Yes. Moreover, we are continuing to focus on real pricing discipline efforts beyond just inflation. We are assessing our standing in relation to peer pricing in the market and adjusting accordingly to remain competitive while considering our supply chain and cost structures. This will add to our margin consistency over time, and I believe we're doing a commendable job managing these efforts despite the complexities that arise around contract and dynamic pricing discussions with large savvy customers.

Kevin Steinke, Analyst

Okay, that’s great to hear. That’s all I had. I’ll turn it back over. Thanks for taking the questions.

Bryan King, CEO

Thanks, Kevin.

Operator, Operator

Your next question for today is a follow-up question coming from Ken Newman.
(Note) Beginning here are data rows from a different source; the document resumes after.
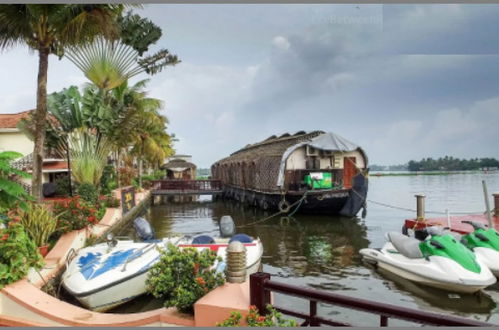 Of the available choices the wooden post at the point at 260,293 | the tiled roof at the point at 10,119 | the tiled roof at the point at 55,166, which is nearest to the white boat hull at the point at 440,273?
the wooden post at the point at 260,293

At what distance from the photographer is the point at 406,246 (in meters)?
8.41

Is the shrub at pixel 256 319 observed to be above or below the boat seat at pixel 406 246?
above

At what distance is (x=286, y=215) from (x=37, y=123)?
12915 mm

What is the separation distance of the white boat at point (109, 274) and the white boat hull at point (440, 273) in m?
4.25

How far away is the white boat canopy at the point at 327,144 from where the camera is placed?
61.9ft

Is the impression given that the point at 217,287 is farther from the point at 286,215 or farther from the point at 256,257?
the point at 286,215

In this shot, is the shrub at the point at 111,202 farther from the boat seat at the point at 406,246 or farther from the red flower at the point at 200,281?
the red flower at the point at 200,281

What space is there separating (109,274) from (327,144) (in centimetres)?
1498

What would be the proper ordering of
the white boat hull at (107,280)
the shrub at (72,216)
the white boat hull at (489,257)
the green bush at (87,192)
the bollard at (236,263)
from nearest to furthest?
the bollard at (236,263)
the white boat hull at (107,280)
the white boat hull at (489,257)
the shrub at (72,216)
the green bush at (87,192)

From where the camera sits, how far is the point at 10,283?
17.8 ft

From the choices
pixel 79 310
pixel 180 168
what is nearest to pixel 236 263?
pixel 79 310

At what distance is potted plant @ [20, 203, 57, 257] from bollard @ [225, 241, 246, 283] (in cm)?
539

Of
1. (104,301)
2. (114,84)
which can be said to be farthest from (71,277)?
(114,84)

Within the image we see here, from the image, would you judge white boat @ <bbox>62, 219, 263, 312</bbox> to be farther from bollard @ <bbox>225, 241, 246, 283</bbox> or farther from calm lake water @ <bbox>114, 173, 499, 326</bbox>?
bollard @ <bbox>225, 241, 246, 283</bbox> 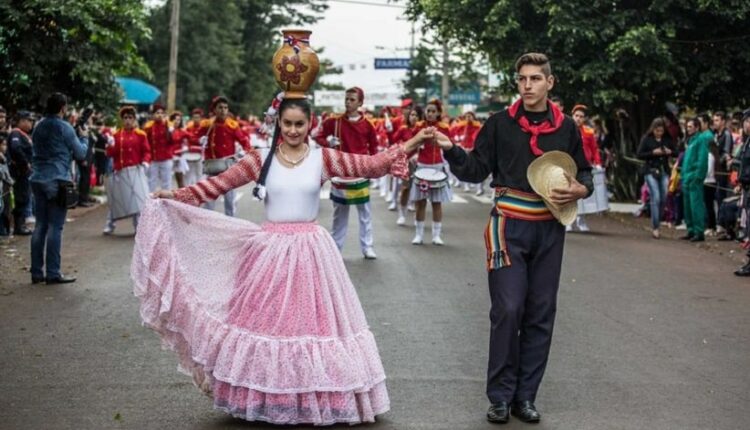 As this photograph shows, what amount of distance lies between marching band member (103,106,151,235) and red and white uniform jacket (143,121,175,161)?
71.5 inches

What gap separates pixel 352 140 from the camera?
14.6 meters

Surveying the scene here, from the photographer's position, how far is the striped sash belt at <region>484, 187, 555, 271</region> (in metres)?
6.93

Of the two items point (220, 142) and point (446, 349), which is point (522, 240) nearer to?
point (446, 349)

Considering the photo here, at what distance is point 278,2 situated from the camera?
70188 mm

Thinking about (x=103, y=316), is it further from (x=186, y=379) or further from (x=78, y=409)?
(x=78, y=409)

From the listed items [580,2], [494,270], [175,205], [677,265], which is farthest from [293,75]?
[580,2]

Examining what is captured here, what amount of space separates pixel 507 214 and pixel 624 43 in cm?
1575

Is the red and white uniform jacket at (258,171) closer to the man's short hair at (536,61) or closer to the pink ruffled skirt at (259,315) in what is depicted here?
the pink ruffled skirt at (259,315)

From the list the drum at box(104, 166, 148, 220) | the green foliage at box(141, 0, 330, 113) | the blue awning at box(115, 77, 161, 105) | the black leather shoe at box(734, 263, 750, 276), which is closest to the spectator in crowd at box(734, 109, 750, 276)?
the black leather shoe at box(734, 263, 750, 276)

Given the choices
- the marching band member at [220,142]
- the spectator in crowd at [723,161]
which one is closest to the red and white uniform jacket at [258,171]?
the marching band member at [220,142]

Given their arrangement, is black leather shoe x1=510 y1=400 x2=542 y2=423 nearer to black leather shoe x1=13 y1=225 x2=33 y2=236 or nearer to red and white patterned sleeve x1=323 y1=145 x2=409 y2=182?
red and white patterned sleeve x1=323 y1=145 x2=409 y2=182

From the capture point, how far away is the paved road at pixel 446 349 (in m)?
7.12

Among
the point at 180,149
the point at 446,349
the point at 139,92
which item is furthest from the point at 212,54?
the point at 446,349

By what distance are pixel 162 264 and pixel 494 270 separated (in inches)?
76.1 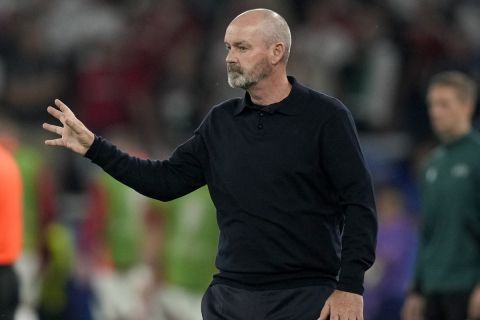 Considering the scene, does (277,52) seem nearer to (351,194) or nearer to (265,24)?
(265,24)

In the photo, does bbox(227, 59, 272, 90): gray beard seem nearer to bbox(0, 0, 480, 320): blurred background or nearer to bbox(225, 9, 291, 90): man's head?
bbox(225, 9, 291, 90): man's head

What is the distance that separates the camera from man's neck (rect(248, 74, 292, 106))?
555 cm

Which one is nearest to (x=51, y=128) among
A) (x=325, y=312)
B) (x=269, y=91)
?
(x=269, y=91)

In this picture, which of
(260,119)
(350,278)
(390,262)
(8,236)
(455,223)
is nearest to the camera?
(350,278)

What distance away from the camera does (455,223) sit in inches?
301

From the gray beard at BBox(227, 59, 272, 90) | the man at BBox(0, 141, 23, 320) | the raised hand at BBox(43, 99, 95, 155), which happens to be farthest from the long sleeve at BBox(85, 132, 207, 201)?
the man at BBox(0, 141, 23, 320)

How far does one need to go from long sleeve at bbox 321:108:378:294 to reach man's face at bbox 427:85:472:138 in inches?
102

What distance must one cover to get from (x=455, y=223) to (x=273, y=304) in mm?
2437

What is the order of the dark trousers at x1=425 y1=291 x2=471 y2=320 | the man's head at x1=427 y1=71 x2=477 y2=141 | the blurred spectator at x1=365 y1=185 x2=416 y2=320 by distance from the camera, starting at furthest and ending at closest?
the blurred spectator at x1=365 y1=185 x2=416 y2=320 → the man's head at x1=427 y1=71 x2=477 y2=141 → the dark trousers at x1=425 y1=291 x2=471 y2=320

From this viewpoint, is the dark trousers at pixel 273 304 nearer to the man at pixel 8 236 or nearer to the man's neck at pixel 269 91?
the man's neck at pixel 269 91

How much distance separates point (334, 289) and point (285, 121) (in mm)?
672

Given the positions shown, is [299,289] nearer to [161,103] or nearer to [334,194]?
[334,194]

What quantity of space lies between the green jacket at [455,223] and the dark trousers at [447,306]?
38 mm

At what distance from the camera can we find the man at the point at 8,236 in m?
7.50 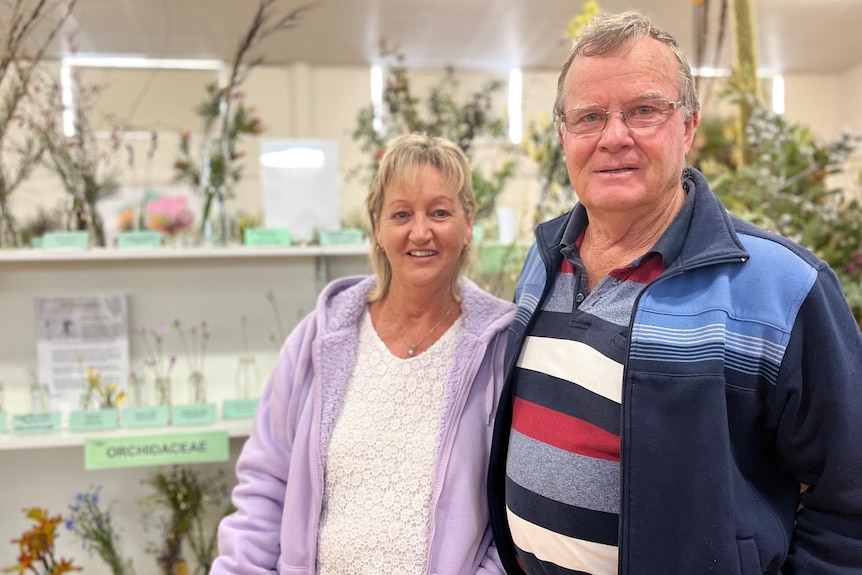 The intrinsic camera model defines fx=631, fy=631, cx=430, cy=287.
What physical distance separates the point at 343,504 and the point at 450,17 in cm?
487

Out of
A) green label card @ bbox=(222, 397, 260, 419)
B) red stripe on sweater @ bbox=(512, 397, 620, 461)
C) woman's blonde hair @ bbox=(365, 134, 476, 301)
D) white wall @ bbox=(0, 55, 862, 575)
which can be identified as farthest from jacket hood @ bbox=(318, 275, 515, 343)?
white wall @ bbox=(0, 55, 862, 575)

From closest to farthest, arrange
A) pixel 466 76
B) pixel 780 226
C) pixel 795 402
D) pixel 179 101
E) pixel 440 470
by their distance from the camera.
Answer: pixel 795 402
pixel 440 470
pixel 780 226
pixel 179 101
pixel 466 76

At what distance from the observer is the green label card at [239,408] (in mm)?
1903

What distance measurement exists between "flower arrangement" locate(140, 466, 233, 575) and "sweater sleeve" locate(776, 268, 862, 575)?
5.61ft

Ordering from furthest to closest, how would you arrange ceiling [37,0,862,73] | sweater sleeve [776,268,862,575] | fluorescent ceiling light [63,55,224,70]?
fluorescent ceiling light [63,55,224,70] < ceiling [37,0,862,73] < sweater sleeve [776,268,862,575]

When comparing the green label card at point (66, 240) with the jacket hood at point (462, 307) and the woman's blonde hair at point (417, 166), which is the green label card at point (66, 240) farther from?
the woman's blonde hair at point (417, 166)

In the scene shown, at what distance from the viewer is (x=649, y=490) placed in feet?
2.92

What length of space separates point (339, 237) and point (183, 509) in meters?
0.99

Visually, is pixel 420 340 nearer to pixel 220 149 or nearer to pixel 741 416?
pixel 741 416

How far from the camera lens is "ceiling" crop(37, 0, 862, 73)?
5023mm

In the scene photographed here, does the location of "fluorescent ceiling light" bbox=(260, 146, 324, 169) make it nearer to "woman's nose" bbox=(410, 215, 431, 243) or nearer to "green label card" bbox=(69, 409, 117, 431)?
"woman's nose" bbox=(410, 215, 431, 243)

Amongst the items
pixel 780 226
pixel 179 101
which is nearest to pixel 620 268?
pixel 780 226

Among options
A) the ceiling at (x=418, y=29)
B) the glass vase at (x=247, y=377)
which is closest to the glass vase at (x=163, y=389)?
the glass vase at (x=247, y=377)

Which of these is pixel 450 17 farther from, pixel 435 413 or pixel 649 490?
pixel 649 490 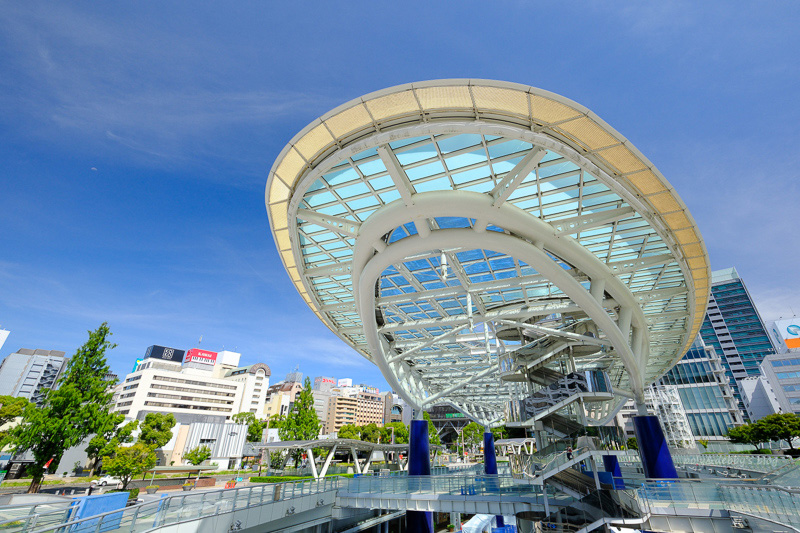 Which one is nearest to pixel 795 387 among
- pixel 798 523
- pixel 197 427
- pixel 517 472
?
pixel 517 472

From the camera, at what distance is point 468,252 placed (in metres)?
19.9

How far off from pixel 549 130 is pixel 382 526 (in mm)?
33493

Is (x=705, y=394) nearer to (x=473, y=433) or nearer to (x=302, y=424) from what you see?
(x=473, y=433)

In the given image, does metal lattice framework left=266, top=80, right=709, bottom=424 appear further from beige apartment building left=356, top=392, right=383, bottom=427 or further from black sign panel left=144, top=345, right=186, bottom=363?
beige apartment building left=356, top=392, right=383, bottom=427

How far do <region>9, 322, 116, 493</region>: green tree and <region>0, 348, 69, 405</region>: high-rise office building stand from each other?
119889 mm

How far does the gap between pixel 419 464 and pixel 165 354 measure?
102 m

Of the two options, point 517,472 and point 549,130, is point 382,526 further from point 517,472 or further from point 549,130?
point 549,130

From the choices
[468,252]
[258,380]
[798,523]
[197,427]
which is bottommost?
[798,523]

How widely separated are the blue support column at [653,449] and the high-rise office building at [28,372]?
149 meters

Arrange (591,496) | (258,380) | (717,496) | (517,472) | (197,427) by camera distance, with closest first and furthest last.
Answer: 1. (717,496)
2. (591,496)
3. (517,472)
4. (197,427)
5. (258,380)

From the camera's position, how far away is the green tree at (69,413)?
78.3 ft

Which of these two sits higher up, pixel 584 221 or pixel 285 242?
pixel 285 242

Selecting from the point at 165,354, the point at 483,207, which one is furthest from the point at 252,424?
the point at 483,207

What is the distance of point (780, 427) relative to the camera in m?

Ken, your line is live.

Ken Newman, Analyst

Hey, thanks for squeezing me in for just one quick follow-up. Bryan, a year ago we talked about getting above that 10% EBITDA margin run rate, which obviously you did here at the end of 2022. But I think we also talked about targeting 20% to 25% EBITDA flow through for the combined businesses. That's obviously been a bit lower this year, just given the moving pieces on the macro. Curious, I mean do you think you can get back to that operating leverage target this year? Or is it still too tough just given all the volatility in the operating environment?

Bryan King, CEO

Well, it's a great question, and I thought where you were going was not only the operating leverage or flow-through but ultimately where do we think we're heading on EBITDA margin. I know that's where we're all headed. And I would say that it's different for each of the businesses. As we can see right now, we're still working through many different value-unlocking initiatives. We have numerous opportunities, and several of those will require ongoing investments in the business today. While I presently have a lot of confidence that our investments will yield favorable operating leverage, they may cause fluctuations in terms of contribution margin, generating some variability in performance. Lawson, for instance, is currently facing this. First of all, Lawson is where we're investing a lot. It has been the major contributor to the operating leverage in our platform. Therefore, most analytical perspectives we have on our discussions focus on Lawson's contributions to operational efficiency. We know Lawson is a gem, and we are actively working to drive organic growth and improve performance. However, we also know that a significant part of our initiatives require investments that may take some time to yield results, consequently creating additional noise in terms of our expected margin contributions this year.

Ron Knutson, CFO

Yes, Bryan, I would just add that, Ken, when we look at the growth of the adjusted EBITDA, our organic growth last quarter contributed about 23% of the growth, while about $8.6 million of that growth was organic. We felt we were squarely in the middle of our guidance for that operating leverage on a consolidated basis.

Bryan King, CEO

Thank you for the questions today. We appreciate your interest in DSG. I would like to express gratitude to the leadership of our management team and all of our colleagues out in the field. We've enjoyed a great first eleven months together, and our momentum continues to inspire confidence and enthusiasm regarding our business integration. This strengthens our collaborative position and provides a robust platform for growth and increased shareholder value. Thank you very much, and we look forward to any follow-up discussions or calls. Please don’t hesitate to reach out; we are eager to engage.

Operator, Operator

This concludes today's conference call, and you may disconnect your lines at this time. Thank you for your participation.